Saat itu, kata dia, pihak kepolisian terkesan menutupi kasus dengan menghalangi jenazah yang meninggal untuk dilihat oleh pihak keluarga.
"Untuk lari dari pertanggungjawaban pidana pun, anggota Kepolisian berdalih bahwa tindakan diambil merupakan langkah terukur terhadap pelaku kriminal. Padahal, dalam peristiwa ini, kami justru menemukan adanya dugaan rekayasa kasus dan fakta," kata dia.
Rivanlee mencatat ada enam kejanggalan yang ia nilai tak masuk akal dalam pengusutan kasus Brigadir J, yaitu:
1. Ada disparitas waktu yang cukup lama antara peristiwa dengan pengungkapan ke publik yakni sekitar dua hari.
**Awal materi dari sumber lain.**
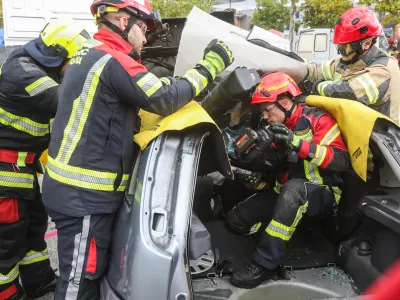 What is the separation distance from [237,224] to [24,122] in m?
1.64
2. Kronologis yang berubah-ubah disampaikan oleh pihak Kepolisian ke publik.
3. Ditemukannya luka sayatan pada jenazah Brigadir J di bagian muka.
4. Keluarga sempat dilarang melihat kondisi jenazah.
5. CCTV di lokasi kejadian dalam kondisi mati pada saat peristiwa terjadi.
6. Ketua RT yang tidak mengetahui adanya peristiwa dan proses olah TKP.
"Kami menilai bahwa sejumlah kejanggalan tersebut merupakan indikasi penting bahwa Kepolisian terkesan menutup-nutupi dan mengaburkan fakta kasus kematian Brigadir J. Terlebih keberadaan Kadiv Propam saat peristiwa terjadi pun tidak jelas," imbuh Rivanlee.
KontraS pun meminta Kapolri Jendral Listyo Sigit Prabowo menjamin independensi dan transparansi tim khusus yang bertugas untuk mengungkap fakta kasus tersebut, serta dapat menyampaikan secara berkala pada publik atas perkembangan yang terjadi.